==== The records

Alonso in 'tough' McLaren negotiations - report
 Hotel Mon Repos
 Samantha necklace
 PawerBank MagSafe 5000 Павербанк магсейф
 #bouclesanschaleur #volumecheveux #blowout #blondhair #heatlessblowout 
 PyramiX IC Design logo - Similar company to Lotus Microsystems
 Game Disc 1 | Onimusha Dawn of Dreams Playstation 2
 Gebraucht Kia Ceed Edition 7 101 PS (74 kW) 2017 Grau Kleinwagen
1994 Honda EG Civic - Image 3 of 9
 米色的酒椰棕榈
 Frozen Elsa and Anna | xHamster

========

= Work item =
Each line, starting with the one containing "Hotel Mon Repos" and ending with the last line of the records above, should be reproduced exactly.

= Reply =
 Hotel Mon Repos
 Samantha necklace
 PawerBank MagSafe 5000 Павербанк магсейф
 #bouclesanschaleur #volumecheveux #blowout #blondhair #heatlessblowout 
 PyramiX IC Design logo - Similar company to Lotus Microsystems
 Game Disc 1 | Onimusha Dawn of Dreams Playstation 2
 Gebraucht Kia Ceed Edition 7 101 PS (74 kW) 2017 Grau Kleinwagen
1994 Honda EG Civic - Image 3 of 9
 米色的酒椰棕榈
 Frozen Elsa and Anna | xHamster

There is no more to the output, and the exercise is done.